▸ What to produce: Without the images, repeat every line of the listing exactly.
___ Records for this task ___
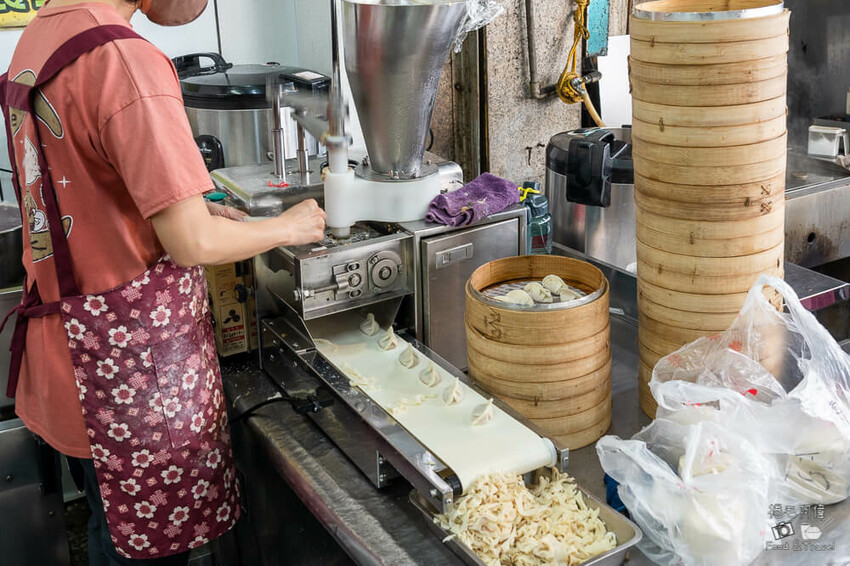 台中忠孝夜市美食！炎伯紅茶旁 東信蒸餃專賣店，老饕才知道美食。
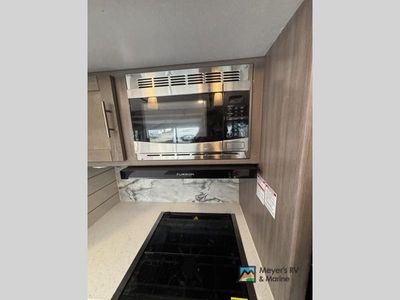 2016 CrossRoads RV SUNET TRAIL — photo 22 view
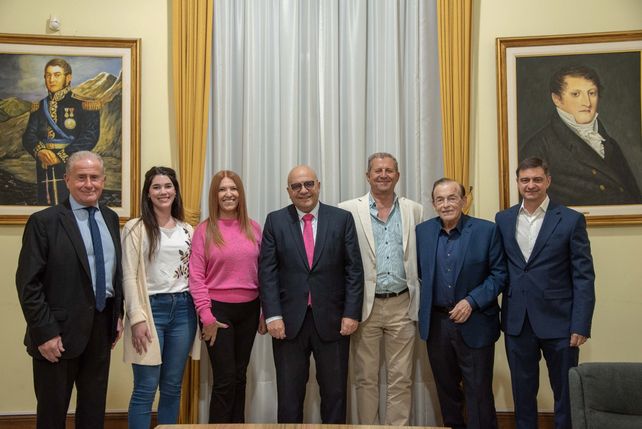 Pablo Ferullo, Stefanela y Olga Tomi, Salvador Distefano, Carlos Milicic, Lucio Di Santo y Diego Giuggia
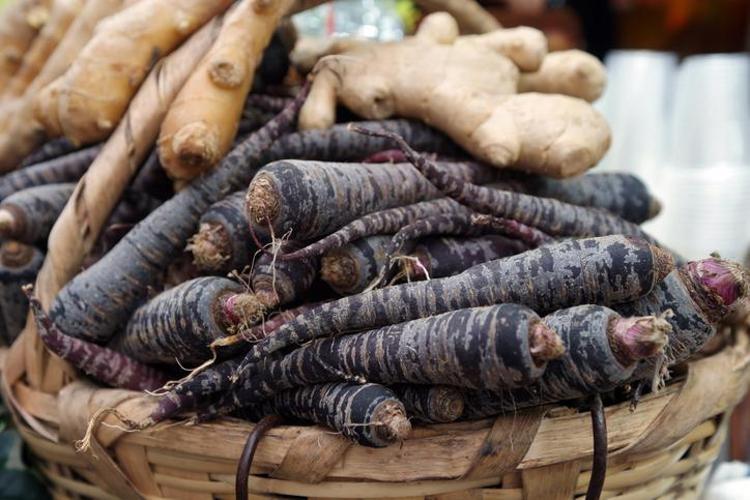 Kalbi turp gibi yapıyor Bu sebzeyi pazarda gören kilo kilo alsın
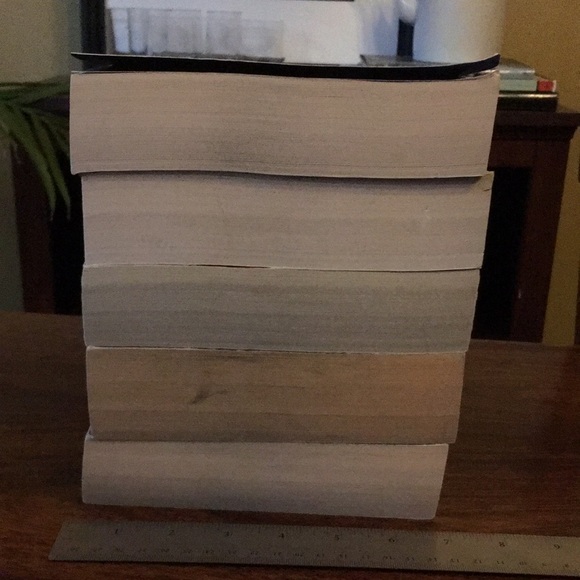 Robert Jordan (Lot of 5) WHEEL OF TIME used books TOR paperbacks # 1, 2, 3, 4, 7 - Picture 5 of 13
___
▸ Task result:
 台中忠孝夜市美食！炎伯紅茶旁 東信蒸餃專賣店，老饕才知道美食。
 2016 CrossRoads RV SUNET TRAIL — photo 22 view
 Pablo Ferullo, Stefanela y Olga Tomi, Salvador Distefano, Carlos Milicic, Lucio Di Santo y Diego Giuggia
 Kalbi turp gibi yapıyor Bu sebzeyi pazarda gören kilo kilo alsın
 Robert Jordan (Lot of 5) WHEEL OF TIME used books TOR paperbacks # 1, 2, 3, 4, 7 - Picture 5 of 13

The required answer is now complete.